Most people like to think that they’re contrarians when they’re buying companies that face an earnings result that missed expectations but the more accurate approach isn’t being contrarian but actually just being a mean reversion trader.
The fact is that high quality stocks disappoint. Eventually, companies will have a harder time reaching or exceeding investors’ expectations mainly due to the bars being set high.
That’s why mean reversion traders and investors love buying high quality companies that miss earnings results. They are the ones who know that the correction is a cyclical effect and not a structural one. These traders aren’t ordinary small time investors. These are deep pocketed traders who know that a highly profitable business will have a mean return equivalent to its historical growth rates. The higher the margin of safety, the less obstacles when it comes to exceeding expectations over the succeeding months and quarters.

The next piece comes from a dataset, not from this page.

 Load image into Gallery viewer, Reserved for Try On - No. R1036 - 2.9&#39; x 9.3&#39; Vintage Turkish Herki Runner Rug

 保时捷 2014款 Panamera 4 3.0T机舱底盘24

Note though that a bad business model can never be cured by cheap valuations.
The business in itself has to have high cash flows to make it really desirable amongst value investors. Its operating income must be recurring (delete the one-off gains especially in financial firms). The company must be earning at least 18% on the invested capital (ROIC.) That’s a superior business.
Make it a habit to find good businesses having a bad day and you’ll be fine.
Hence, it would be super wonderful should our market correct in a manner that is decisively huge since that would offer you one of the best entry points simply due to cyclical and timing issues of acquisitions that haven’t resulted to earnings growth but will deliver so within a few years.
This approach though is not for everyone.
These will not work for people with a time horizon of less than three months.